The issue, exercise or sale of securities in the Offering are subject to specific legal or regulatory restrictions in certain jurisdictions. WithSecure assumes no responsibility in the event there is a violation by any person of such restrictions.

The information contained herein shall not constitute an offer to sell or the solicitation of an offer to buy, nor shall there be any sale of the securities referred to herein in any jurisdiction in which such offer, solicitation or sale would be unlawful prior to registration, exemption from registration or qualification under the securities laws of any such jurisdiction.

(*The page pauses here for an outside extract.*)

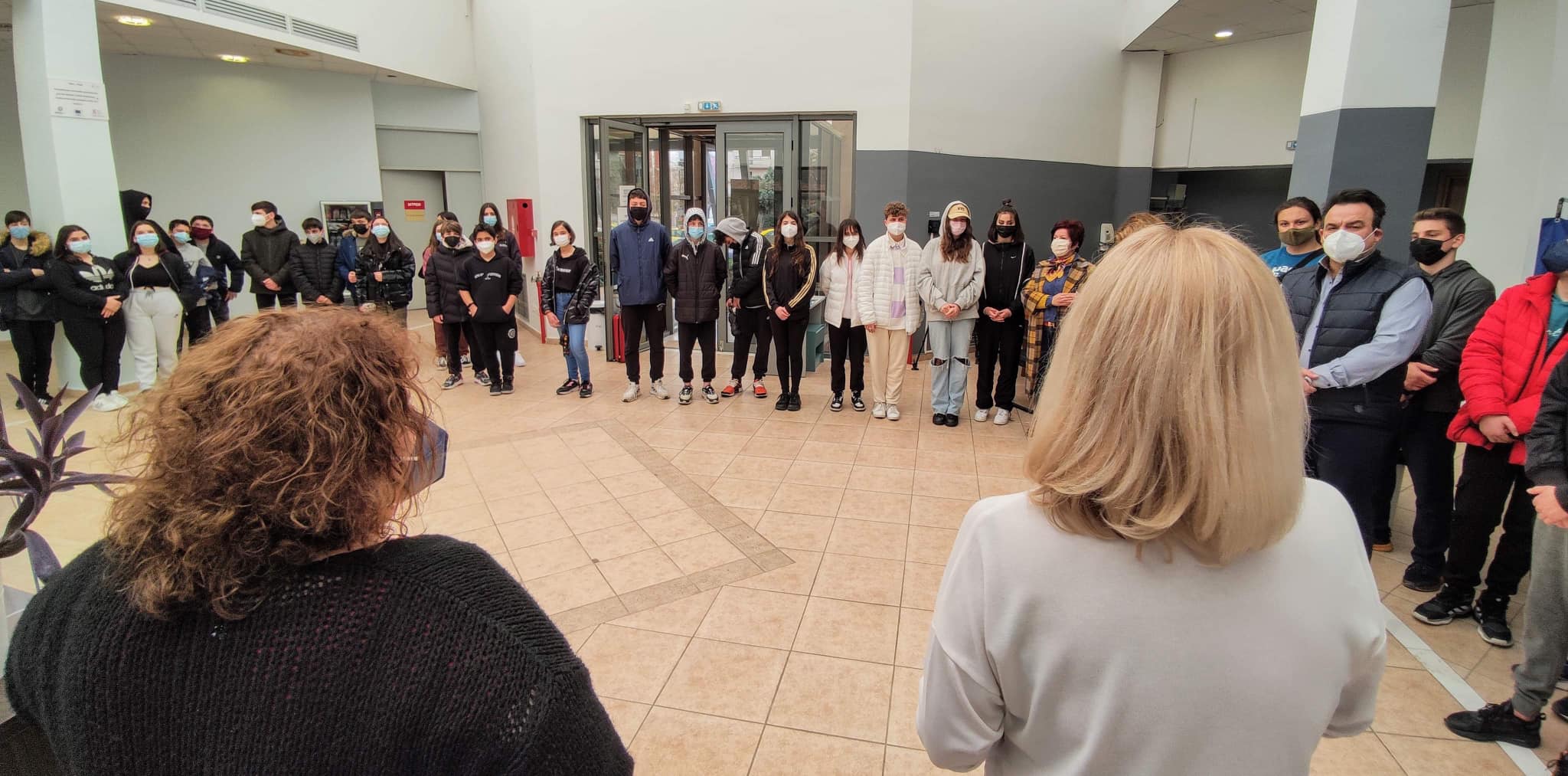 Μαθητές του 3ου Γυμνασίου Αλεξανδρούπολης «ΔΟΜΝΑ ΒΙΣΒΙΖΗ» επισκέφτηκαν το Πολυκοινωνικό Δήμου Αλεξανδρούπολης Μαθητές του 3ου Γυμνασίου Αλεξανδρούπολης «ΔΟΜΝΑ ΒΙΣΒΙΖΗ» επισκέφτηκαν το Πολυκοινωνικό Δήμου Αλεξανδρούπολης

This release and the Offering are only addressed to and directed at persons in member states of the European Economic Area (each a “Relevant State”) who are “Qualified Investors” within the meaning of Article 2(e) of the Prospectus Regulation. The securities are only available to, and any invitation, offer or agreement to subscribe, purchase or otherwise acquire such securities will be engaged in only with, Qualified Investors. This release should not be acted upon or relied upon in any Relevant State by persons who are not Qualified Investors. For the purposes of this release, the expression “Prospectus Regulation” means Regulation (EU) 2017/1129.

Information to Distributors

Solely for the purposes of the product governance requirements contained within: (a) EU Directive 2014/65/EU on markets in financial instruments, as amended (“MiFID II”); (b) Articles 9 and 10 of Commission Delegated Directive (EU) 2017/593 supplementing MiFID II; and (c) local implementing measures (together, the “MiFID II Product Governance Requirements”), and disclaiming all and any liability, whether arising in tort, contract or otherwise, which any “manufacturer” (for the purposes of the MiFID II Product Governance Requirements) may otherwise have with respect thereto, the Shares have been subject to a product approval process, which has determined that such Shares are: (i) compatible with an end target market of retail investors and investors who meet the criteria of professional clients and eligible counterparties, each as defined in MiFID II; and (ii) eligible for distribution through all distribution channels as are permitted by MiFID II (the “Target Market Assessment”). Notwithstanding the Target Market Assessment, distributors should note that: the price of the Shares may decline and investors could lose all or part of their investment; the Shares offer no guaranteed income and no capital protection; and an investment in the Shares is compatible only with investors who do not need a guaranteed income or capital protection, who (either alone or in conjunction with an appropriate financial or other adviser) are capable of evaluating the merits and risks of such an investment and who have sufficient resources to be able to bear any losses that may result therefrom. The Target Market Assessment is without prejudice to the requirements of any contractual, legal or regulatory selling restrictions in relation to any offering of the Shares. Furthermore, it is noted that, notwithstanding the Target Market Assessment, Carnegie as Lead Manager, will only procure investors who meet the criteria of professional clients and eligible counterparties.

For the avoidance of doubt, the Target Market Assessment does not constitute: (a) an assessment of suitability or appropriateness for the purposes of MiFID II; or (b) a recommendation to any investor or group of investors to invest in, or purchase, or take any other action whatsoever with respect to the Shares. Each distributor is responsible for undertaking its own target market assessment in respect of the Shares and determining appropriate distribution channels.